La conception de XRP Ledger bloque les attaques de prêts flash qui coûtent des centaines de millions à DeFi

La conception de XRP Ledger bloque les attaques de prets

Les deux plus gros exploits DeFi des deux derniers mois ont une chose en commun. Ils ont utilisé un outil qui n’existe pas sur le XRP Ledger.

Thorchain a perdu environ 10,8 millions de dollars le 15 mai à cause d’une attaque inter-chaînes qui a drainé des fonds sur Bitcoin, Ethereum, BSC et Base. Drift Protocol, un échange perpétuel décentralisé basé sur Solana, et KelpDAO, un protocole de reprise de liquide sur Ethereum, ont représenté ensemble plus de 600 millions de dollars de pertes rien qu’en avril.

Les ponts inter-chaînes ont perdu plus de 2,8 milliards de dollars à cause des attaques depuis 2021, selon Chainalysis. Et une part importante de ces exploits utilisait une variante du même mécanisme : les prêts flash.

Un prêt flash est une fonctionnalité de contrat intelligent qui permet à un commerçant d’emprunter des millions de dollars sans garantie, à condition que le prêt soit remboursé dans le cadre de la même transaction. Les cas d’utilisation légitimes incluent l’arbitrage entre les bourses, les échanges de garanties sans dénouement de positions et les robots de liquidation qui maintiennent la solvabilité sur les marchés des prêts.

Le schéma d’attaque est le même mécanisme pointé dans la mauvaise direction.

Un emprunteur contracte le prêt, utilise les fonds pour manipuler un oracle ou vider un pool mal conçu, profite de la manipulation et rembourse le prêt, le tout avant que la transaction ne soit réglée. Si une étape échoue, toute la séquence est annulée, de sorte que l’attaquant ne risque rien d’autre que des frais de gaz.

Le XRP Ledger ne permet pas que cela fonctionne. Un projet d’amendement déposé sur le référentiel de normes XRPL plus tôt cette semaine, proposant une liquidité concentrée et des pools de style StableSwap pour le teneur de marché automatisé natif de la chaîne, comprenait une seule ligne dans sa section Considérations de sécurité : « Les attaques de prêt flash sont structurellement impossibles. Les transactions XRPL sont atomiques sans appels intra-transaction composables.

Cela signifie que les transactions XRPL réussissent complètement ou échouent complètement, comme une transaction Ethereum. Mais contrairement à Ethereum, une transaction XRPL ne peut pas faire appel à un autre contrat lors de son exécution. La séquence emprunter-manipuler-rembourser qui définit une attaque de prêt flash nécessite au moins trois opérations imbriquées dans une seule enveloppe de transaction.

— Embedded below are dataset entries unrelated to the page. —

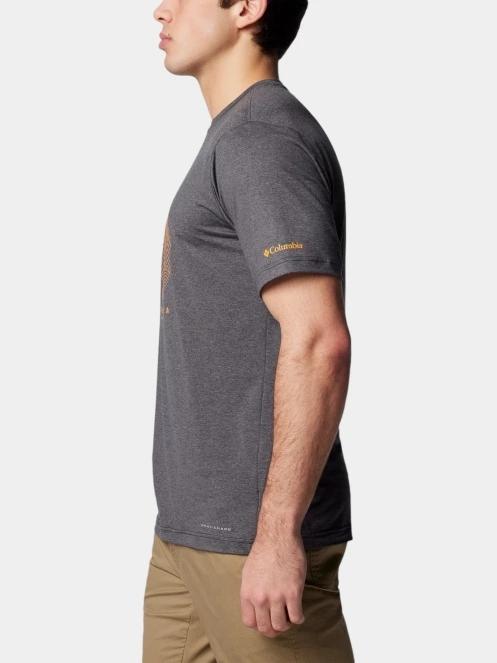 tricou pentru sport, cu maneci scurte pt. barbati Columbia Kwick Hike Graphic Short Sleeve Tee negru 3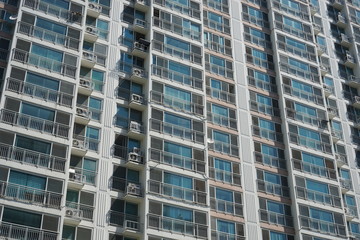 Fototapeta na wymiar high rise residential apartment building in Kwangju, South Korea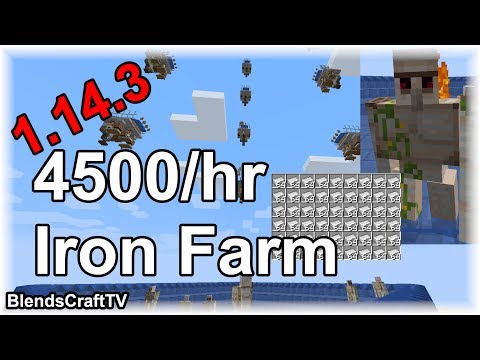 4500/hr Iron Farm - Minecraft 1.14.3 Java - Basic Builds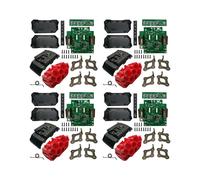 4X La Custodia In Plastica Della Batteria BAT618 Può Essere Riempita con un Circuito Stampato Della Batteria Agli Ioni di Litio 10 X 21700 per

C’est un choix architectural significatif, et cela a un coût. Les prêts flash ne sont pas seulement un outil d’attaque. Ils sont devenus un composant structurel d’Ethereum DeFi, Aave, dYdX et d’autres protocoles majeurs les proposant comme produit. Les traders d’arbitrage utilisent des prêts flash pour compenser les différences de prix entre les bourses en une seule action atomique.

Les robots de liquidation les utilisent pour maintenir solvables les positions de prêt sur-garantis. Les utilisateurs DeFi sophistiqués les utilisent pour des échanges de garanties qui nécessiteraient autrement un capital immobilisé pendant des heures. XRPL abandonne tout cela en échange de la fermeture complète de la classe d’attaque.

Pendant la majeure partie de l’histoire de XRPL, le compromis n’avait pas d’importance car l’empreinte DeFi de la chaîne était faible. Cela est en train de changer. Les actifs tokenisés du monde réel sur le XRP Ledger ont dépassé la valeur totale de 3 milliards de dollars, y compris le projet pilote Ripple-JPMorgan-Mastercard-Ondo Finance le mois dernier qui a traité un rachat tokenisé du Trésor américain en moins de cinq secondes.

Le projet d’amendement de l’AMM, s’il est adopté, comblerait l’écart d’efficacité du capital qui maintient XRPL DeFi derrière Ethereum, ouvrant ainsi la chaîne à un ensemble plus large de stratégies de trading et de rendement.

Si l’amendement AMM est adopté et que la liquidité DeFi de XRPL évolue vers quelque chose que le capital institutionnel peut déployer à grande échelle, la question devient de savoir si la résistance structurelle aux exploits est un véritable avantage concurrentiel ou simplement une caractéristique que les institutions ignorent en faveur de l’endroit où se trouve déjà la liquidité.